Problem to work on: Return every line of the data below exactly, but do not include the images.

Given information:
--- START ---

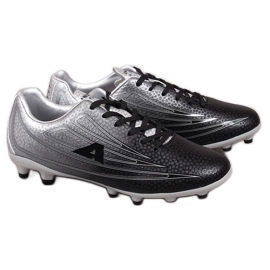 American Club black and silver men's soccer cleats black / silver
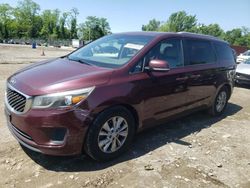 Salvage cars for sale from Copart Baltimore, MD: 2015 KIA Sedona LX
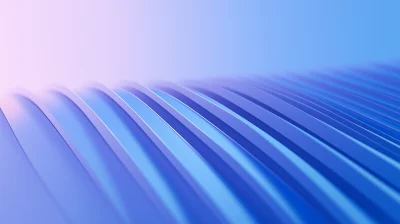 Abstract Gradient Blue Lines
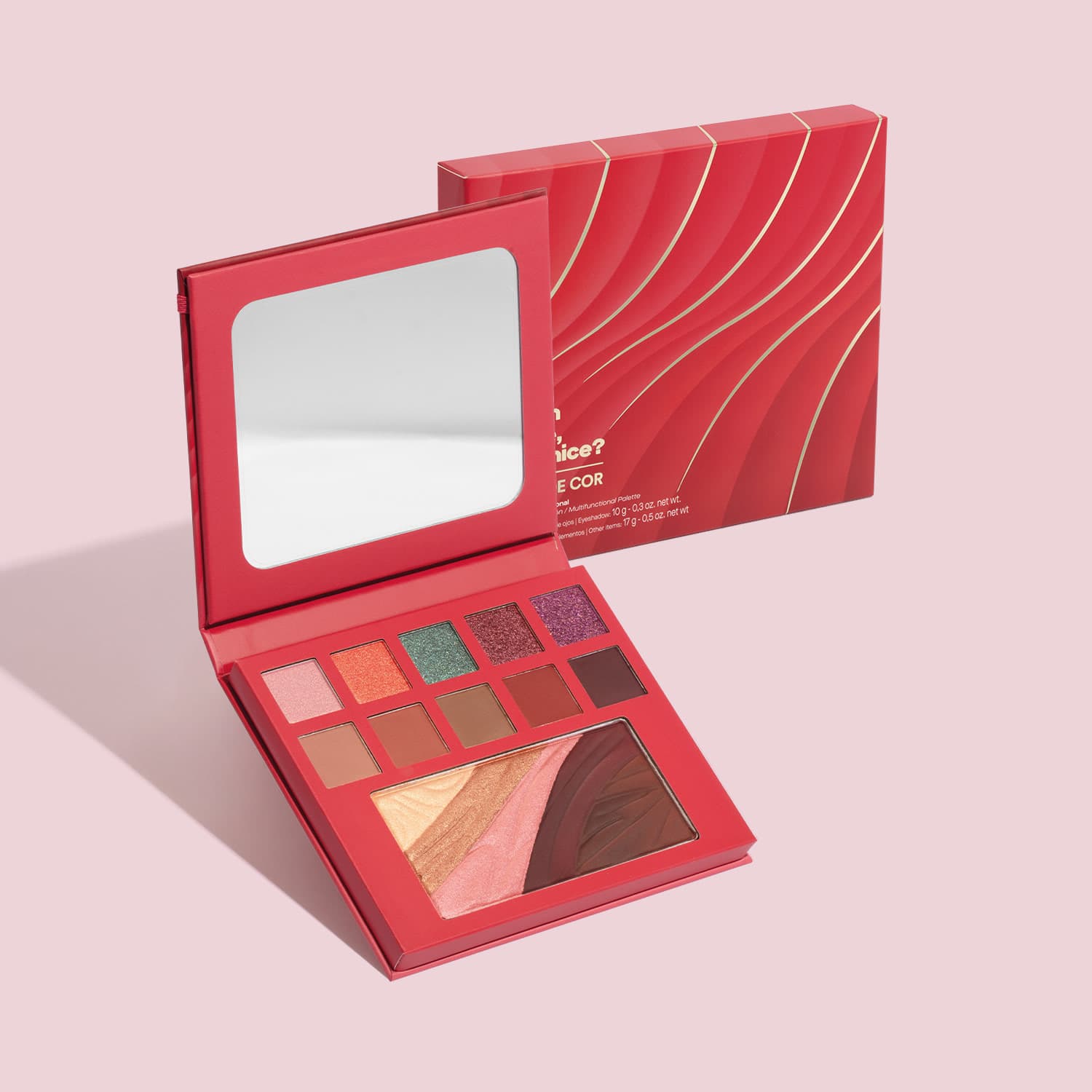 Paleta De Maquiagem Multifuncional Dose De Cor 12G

--- END ---

Solved problem:
 American Club black and silver men's soccer cleats black / silver
 Salvage cars for sale from Copart Baltimore, MD: 2015 KIA Sedona LX
 Abstract Gradient Blue Lines
 Paleta De Maquiagem Multifuncional Dose De Cor 12G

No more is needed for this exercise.